Boston Globe on Beautiful Losers

Boston Globe on Beautiful Losers

Rebels on the rise
By Michael Hardy, Globe Correspondent | September 26, 2008
Ostensibly, “Beautiful Losers” is a documentary about the eponymous band of graphic artists and filmmakers whose work was showcased in a mega-exhibition of the same name that traveled the world from 2004 to 2007, drawing crowds from Baltimore to Tokyo. Mostly self-taught, the artists coalesced in New York in the mid-’90s, brought together by their love of skateboarding, graffiti, and punk rock, and united in their adherence to an ethos of unembarrassed self-expression. Or, as one artist in the film puts it with characteristic inelegance, “the joy of creation and stuff.”

I say the documentary is ostensibly about the Beautiful Losers because that particular group and exhibit were merely one appendage of an artistic movement that’s been gathering steam for the past 30 years and has now, as the film demonstrates, achieved genuine cultural hegemony. This movement – you can call it D.I.Y., indie, underground, punk, alternative, or, less charitably, hipster – is the true subject of directors Aaron Rose and Joshua Leonard, and “Beautiful Losers” is the movement’s cinematic manifesto.

In case you doubt the movement’s importance, here’s a brief D.I.Y. Hall of Fame. In music, the Clash, the Pixies, Nirvana, and Beck; in literature, Jay McInerney, Bret Easton Ellis, Chuck Palahniuk, and the late David Foster Wallace; in art, Jean-Michel Basquiat, Julian Schnabel, R. Crumb, and Jeff Koons; in film, Lars von Trier, Vincent Gallo, Spike Jonze, and Wes Anderson.

Born in angry reaction to the cultural homogenization of the Thatcher-Reagan ’80s, the D.I.Y.ers shared a philosophy of anti-authoritarianism, self-reliance, and emotional authenticity. They channeled their fury toward corporations, schools, record labels, the government, and any other institution that happened to get between them and a good time. So what happens when the underground goes mainstream? That’s the dilemma facing the latter-day-D.I.Y.ers of “Beautiful Losers.”

For a film about a gaggle of slackers, “Beautiful Losers” is remarkably polished; with its quicksilver editing and fastidious mise-en-scene, it’s as tight as the artists are slack. Rose and Leonard are smart enough to leave the idiosyncrasies to their subjects, who are happy to oblige.

Many of the artists now have contracts with established New York galleries.

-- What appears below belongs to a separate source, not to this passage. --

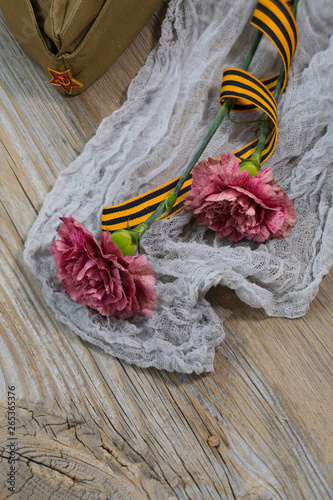 Two pink carnations, Saint George ribbon and military cap on a wooden surface.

Their shows get reviewed in The New York Times. They design advertisements for Pepsi, Volkswagen, and The Gap. One of the artists, graphic designer Mike Mills, even films his interviews wearing a suit and tie.

The rebels who once flouted the system are now, for better or worse, running the system. They make our television shows, movies, and music. They write our novels. They design our clothing and our websites. If you want to understand what they’re all about – where they came from, what they believe in, and how they’re handling success – there’s no better place to start than “Beautiful Losers,” one of the year’s best documentaries.